La Russie n’a pas signé cela par gentillesse ou respect du droit des peuples à disposer d’eux-mêmes, mais parce que cela lui permettait de sécuriser ses gains et qu’une guerre trop longue aurait été coûteuse et aurait mis à mal ses relations commerciales avec l’Allemagne (et les dirigeants russes ont besoin de l’argent que leur rapporte le commerce de gaz avec l’Allemagne pour se maintenir au pouvoir). Et inversement, les Occidentaux ont signé cet accord, car cela permettait aux Occidentaux de sécuriser leurs gains et que la poursuite de la guerre leur aurait également coûté très cher (avec en plus de fortes chances de perdre). Quant au gouvernement ukrainien, ce n’était pas le deal dont il rêvait, mais il n’avait pas d’autre choix que de l’accepter.

Huit ans passèrent où l’Ukraine profita de la paix pour panser ses blessures et profiter des faibles et fragiles acquis de sa révolution. Cependant, les accords de Minsk ne furent pas respectés. Il n’y eut aucun désarmement de l’Ukraine et aucune réforme vers davantage d’autonomie des régions de l’est de l’Ukraine.

Au contraire, durant ces huit ans, Kiev tenta de raffermir son emprise sur l’ouest, réprima les minorités russophones perçues comme des partisans de la Russie et pas de vrais citoyens ukrainiens. Mais surtout, elle a commencé à se réarmer, a cultivé ses liens avec les USA et essaie de rentrer dans l’OTAN (ce qui est vu par Moscou comme une menace importante pour sa sécurité et une ligne rouge à ne pas dépasser). En conséquence, après plusieurs ultimatums où elle a exigé le respect des accords de Minsk et des garanties que l’Ukraine ne rejoigne jamais l’OTAN, la Russie, dont l’armée avait considérablement gagné en puissance et qui était persuadée qu’une grande partie des Ukrainiens n’était pas radicalement opposée à revenir dans le giron russe, décida d’envahir l’Ukraine, persuadée que la guerre serait tellement rapide que les Occidentaux n’auraient pas le temps de protester. Cependant, la Russie a grandement surestimé la puissance de son armée et sous-estimé l’attachement des Ukrainiens à leur indépendance récemment acquise.

La suite, vous la connaissez. Voyant là une opportunité en or d’accroître son influence en Europe, d’affaiblir la Russie et d’éliminer un rival sur le marché du gaz, les USA ont massivement soutenu l’Ukraine et forcé leurs alliés à en faire de même. Et au passage, avec l’Angleterre, ils auraient saboté les négociations de paix qui ont eu lieu quelques mois après le début du conflit et qui étaient sur le point d’aboutir à un accord entre l’Ukraine et la Russie (honnêtement, cette partie-là, je n’ai jamais su si je devais y croire ou non).

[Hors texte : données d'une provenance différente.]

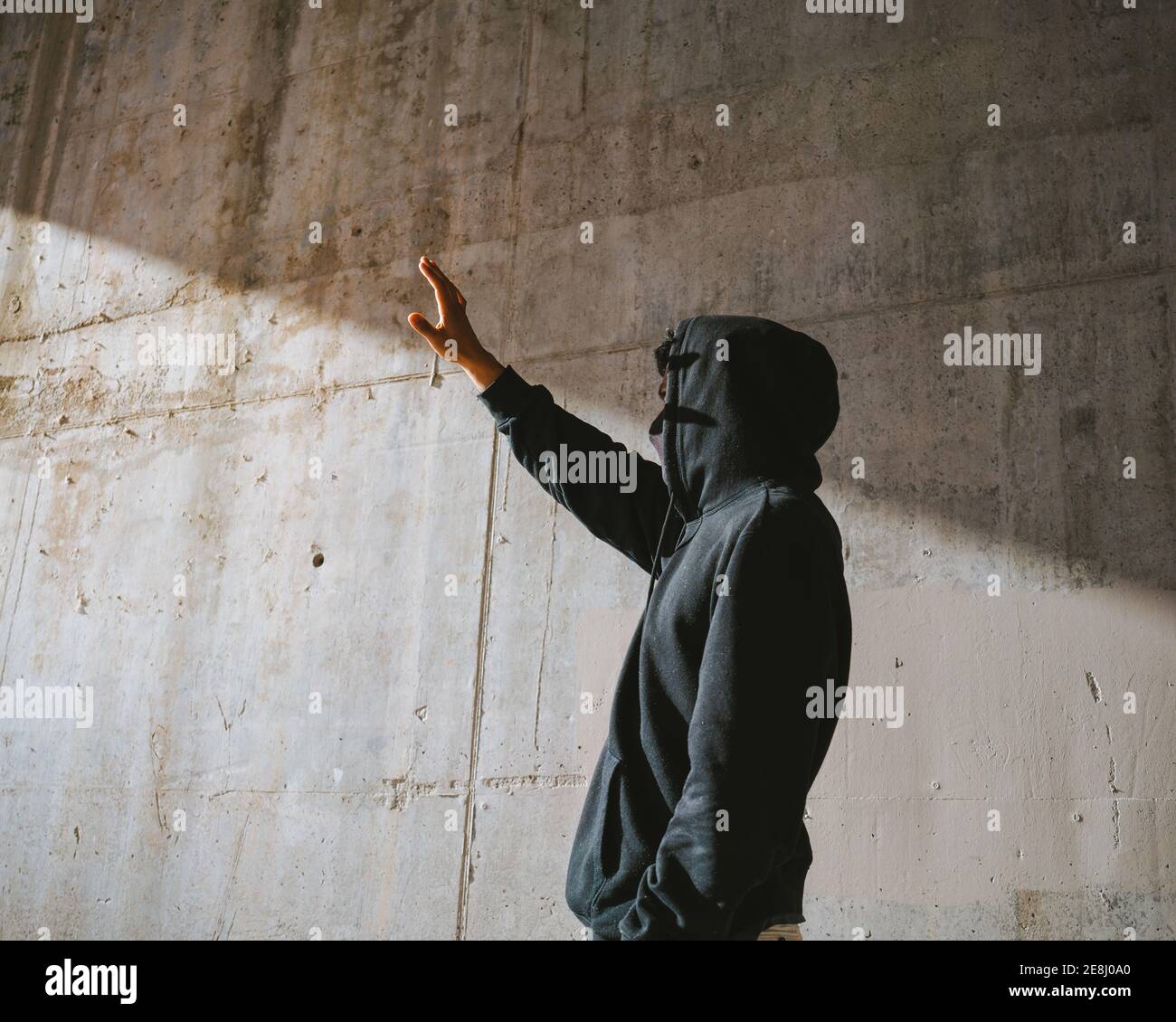 Evitar la luz solar brillante fotografías e imágenes de alta resolución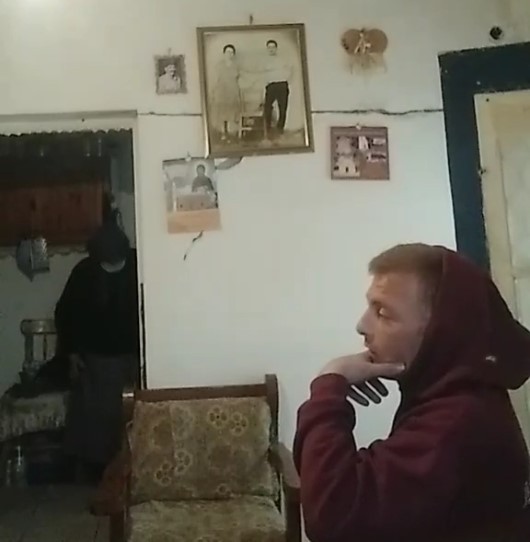 Εγγονός κορόιδευε τη γιαγιά του πως έχει κορονοϊό – Viral το βίντεο με τη φάρσα από την Κρήτη (vid)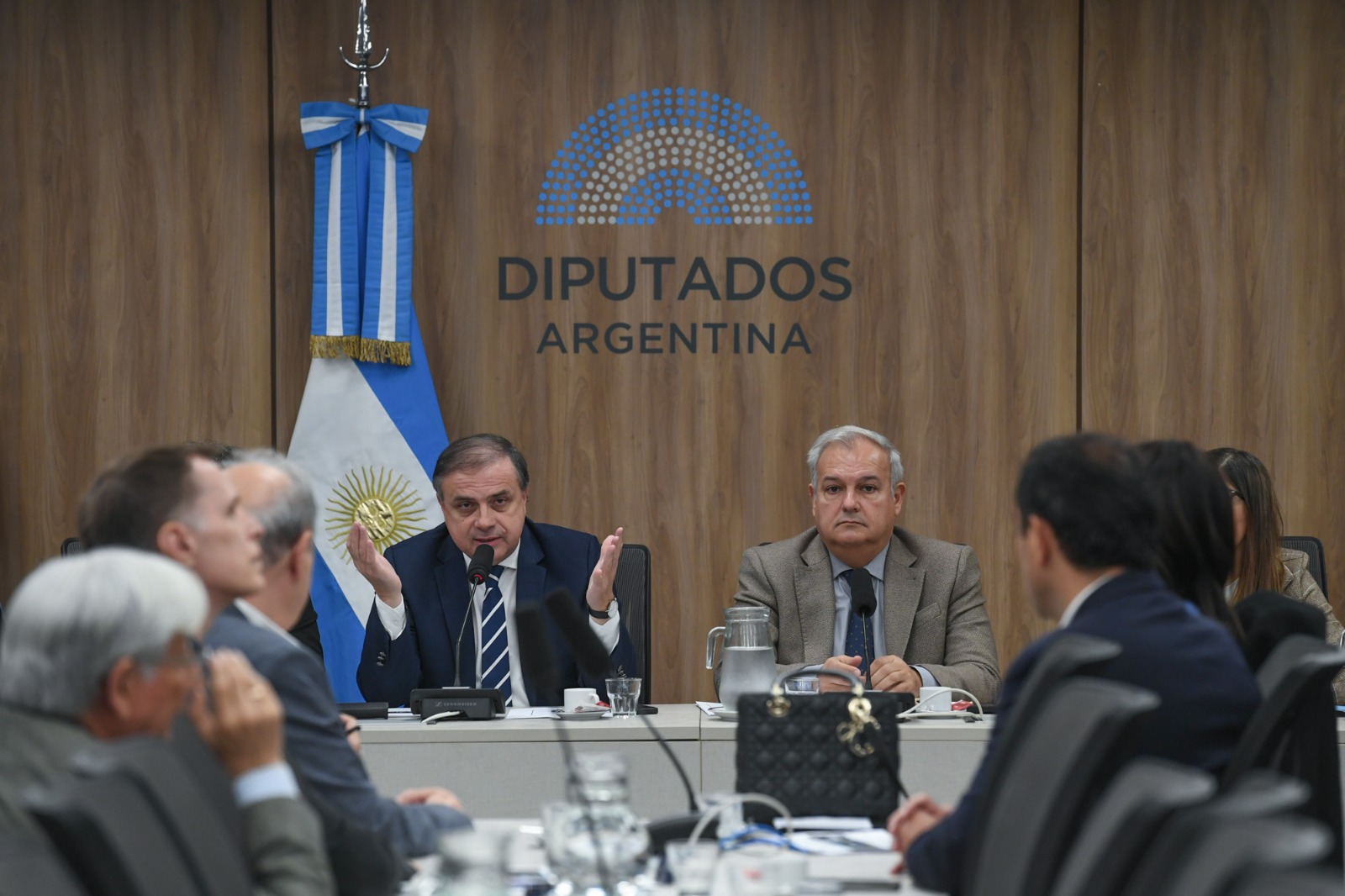 Galeria de imagenes de la noticia CON PARTICIPACIÓN CIUDADANA, PLENARIO ABORDÓ LA SITUACIÓN ACTUAL DE LA INDUSTRIA AZUCARERA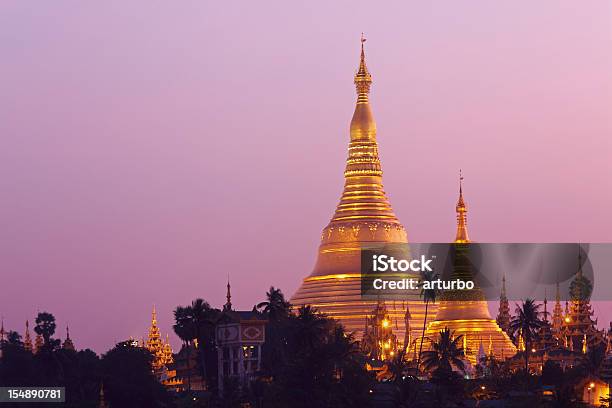 Schwedagon Pagoda En Sunrise Foto de stock y más banco de imágenes de Aire libre - Aire libre, Amanecer, Anochecer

Si on croit à cette vision du conflit, alors la Russie n’est pas plus une menace pour l’Europe que les USA ou la Chine. Si on croit à cette version de l’histoire, alors la responsabilité de cette guerre incombe autant à la Russie qui a déclaré la guerre, qu’à l’Occident et à l’Ukraine qui l’a poussée à cette décision. De la même manière que c’est à la fois personne et tout le monde qui est responsable de la Première Guerre mondiale (et pas seulement le premier pays à avoir déclaré la guerre), c’est à la fois personne et tout le monde qui est responsable de la guerre en Ukraine.

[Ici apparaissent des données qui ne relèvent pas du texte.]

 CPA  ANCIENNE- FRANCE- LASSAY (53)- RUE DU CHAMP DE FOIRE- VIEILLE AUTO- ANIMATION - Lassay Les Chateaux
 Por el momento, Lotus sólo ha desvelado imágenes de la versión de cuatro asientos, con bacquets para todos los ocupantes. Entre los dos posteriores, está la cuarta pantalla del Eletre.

Cependant, le camp dont les revendications semblent les plus légitimes et raisonnables semble être celui de la Russie, et la marche à suivre pour nous Français semble être d’exiger un cessez-le-feu immédiat sous peine d’arrêter d’envoyer des armes à l’Ukraine (encore une fois, si on est d’accord avec cette version de l’histoire). Puis de négocier la paix avec un Poutine qui n’est pas plus monstrueux, irraisonnable ou indigne de confiance que n’importe quel autre dirigeant de grande puissance.

À ma décharge, il faut noter que l’explication alternative promue par les médias mainstream d’une Russie nazie qui considère depuis toujours qu’elle va disparaître si elle n’augmente pas son espace vital en envahissant tous ses voisins pour en faire des colonies (et qui donc n’acceptera jamais de négocier la paix avec ses voisins puisque la conquête est un enjeu existentiel pour elle), n’est pas très crédible.

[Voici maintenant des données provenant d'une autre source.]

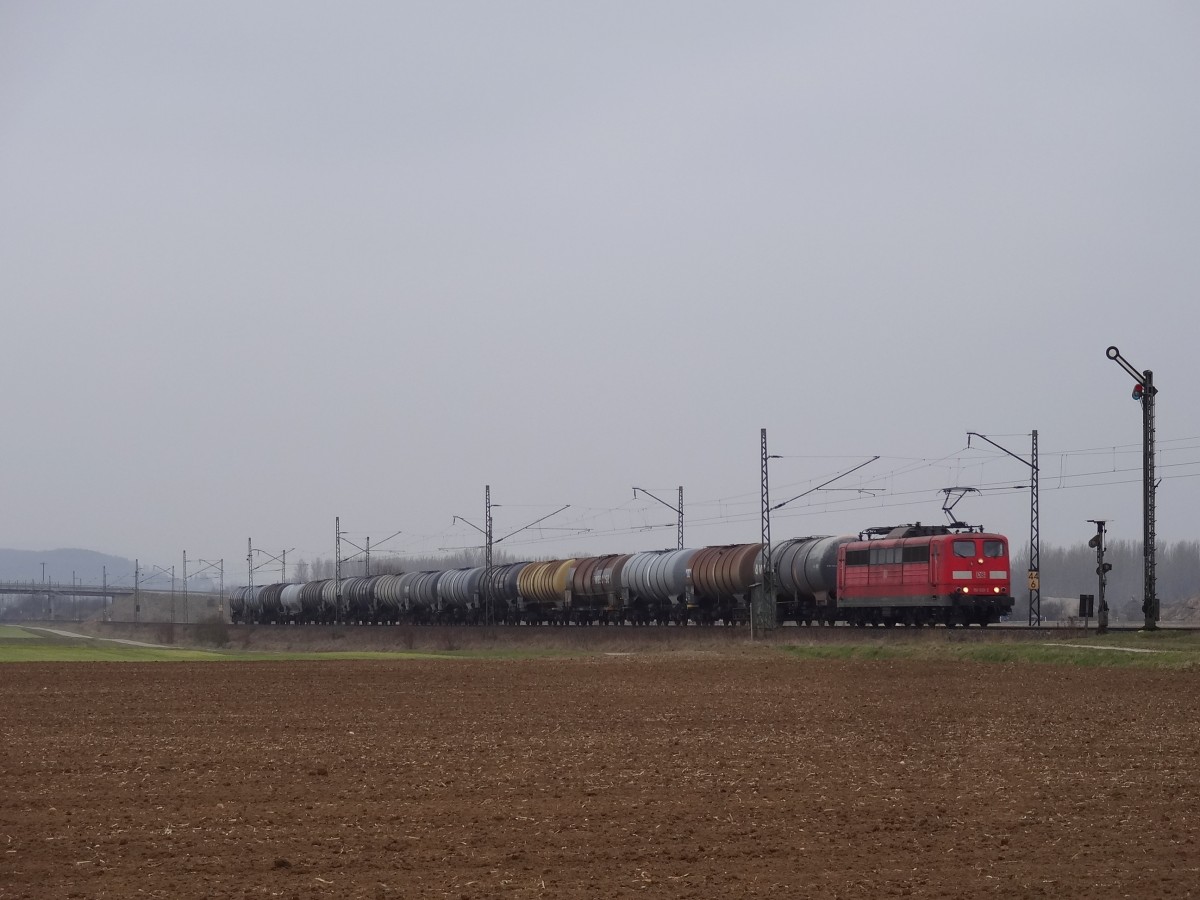 Am 5.4.13 zog die 151 031 einen Kesselwagenganzzug über die KBS 820.
Aufgenommen wurde der Zug bei Eggolsheim.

Déjà parce que cela semble impensable que le gouvernement d’un grand pays comme la Russie pense comme cela, mais surtout parce que dans les années précédant la guerre en Ukraine, la Russie n’avait rien d’un État ultra-nationaliste ou opposé à l’Occident. Je rappelle que jusqu’en 2014, la Russie collaborait étroitement avec l’OTAN, au point que des groupes de gauche et d’ultra-nationalistes russes ont manifesté à Moscou pour dénoncer l’aide et la collaboration trop importante de la Russie avec l’OTAN (source : russians-protest-plan-for-nato ).

Et puis ses discours ressembleraient étrangement à la propagande russe bas de gamme d’une Ukraine qu’il faudrait dénazifier pour assurer la sécurité. Cependant, j’avais oublié que, contrairement à la fiction, la réalité n’a pas besoin d’être crédible.

Quant aux cris d’indignation poussés par nos dirigeants contre la Russie, parce qu’elle tente de renverser un gouvernement démocratiquement élu ou qu’elle s’oppose aux droits des peuples à disposer d’eux-mêmes, ils sont juste pitoyablement ridicules tant leur hypocrisie est flagrante pour qui a un tout petit peu de mémoire. Déjà, parce que l’Ukraine n’est pas plus une démocratie que la France (car aussi bizarre que cela puisse paraître aux éditorialistes et autres propagandistes, la démocratie et la dictature ne sont pas les seuls régimes qui existent, et tenter d’intégrer au forceps la France dans les régimes démocratiques alors que l’on n’est même pas un régime parlementaire fait qu’on se demande si on vit vraiment sur la même planète). Mais surtout parce que les États occidentaux violent régulièrement la souveraineté des autres États, les décisions de l’ONU et les traités internationaux qu’ils ont signés.

Bon, d’accord, je caricature un peu (beaucoup), mais je ne suis pas si loin que ça de la vérité. Pour avoir une présentation un peu plus honnête (et beaucoup moins drôle) de la position mainstream sur les origines du conflit et les motivations de la Russie, je vous encourage à écouter ce podcast récent du Collimateur (émission que j’aime beaucoup) : Que négocie-t-on avec Vladimir Poutine ?  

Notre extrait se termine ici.